Crédit Zoé Piazza. Devanture d'un coiffeur dans le quartier de Ximen, Taipei
Le mignon est partout. À Taipei, il suffit de déambuler dans les rues de Ximen ou du marché de nuit de Shilin pour s’en convaincre : les boutiques vendant des coques de portable Hello Kitty, des trousses en forme de bébé panda ou encore des figurines de chiots se sont développées à foison. Mais cet intérêt pour le mignon, ou « 可愛 » ke’ai en chinois, est loin d'être une simple pratique de consommation. Il représente aussi tout un ensemble de codes esthétiques et comportementaux, notamment chez les femmes. En témoignent par exemple le port de lentilles de contact permettant d’agrandir l’iris de l'oeil, donnant ainsi un regard innocent, ou encore l’adoption de mimiques enfantines au moment de prendre des photos. Véritable phénomène de mode issu du Japon, largement propagé à l’ensemble de l’Asie de l’Est, le « ke’ai » tend même à faire partie intégrante de l’ « identité asiatique ». Mais quelles réalités sociales se cachent derrière ce phénomène culturel ?

Révélateur d’une structure sexiste de la société ?

« 可愛 » signifie littéralement en chinois « adorable ». Selon l’anthropologue en langue Catherine Farris, la notion de mignon est aussi intrinsèquement liée à deux autres caractéristiques : celles de la faiblesse et de la féminité. Elle explique que le mot renvoie à tout ce qui est innocent, vulnérable, et à ce qui, en conséquence, peut éveiller un sentiment de tendresse et d’attention bienveillante. Tels sont précisément des critères que M.Wu, un électricien de 29 ans, évoque concernant les femmes : « les femmes n’ont-elles pas pour but d’être choyées et dorlotées ? ».

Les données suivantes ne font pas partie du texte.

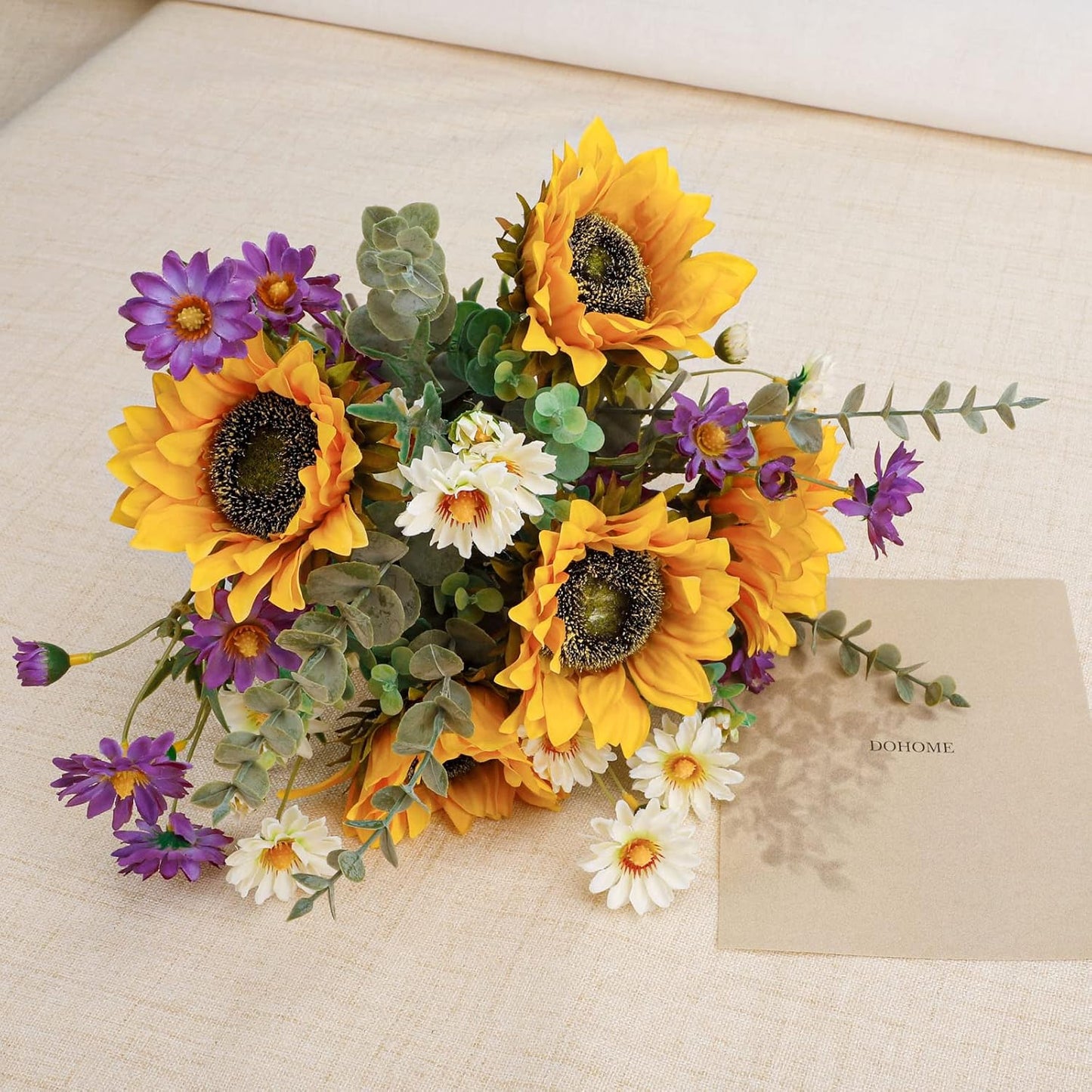 Bulk 3 Pcs Sunflower Bridal Bouquets Silk Floral Fade Proof Indoor Outdoor Event Backdrops for Wedding Centerpieces Home Decor Wholesale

Crédit Zoé Piazza. Affiche d'une candidate KMT à l'occasion des élections locales (novembre 2014)
Comme Farris le souligne, la douceur juvénile serait une caractéristique intrinsèque au sexe féminin et attendue chez chaque femme, particulièrement chez celle en âge de se marier. Lorsqu’on lui demande d’évoquer ses critères de sélection d’une épouse, M. Wu évoque la docilité (聽話tinghua), l’écoute (體貼titie), et la beauté (漂亮piaoliang). Cela n’est pas sans rappeler les critères confucéens de l’épouse modèle, dont il est attendu qu’elle soit toujours humble, attentionnée et révérencieuse vis-à-vis de son mari.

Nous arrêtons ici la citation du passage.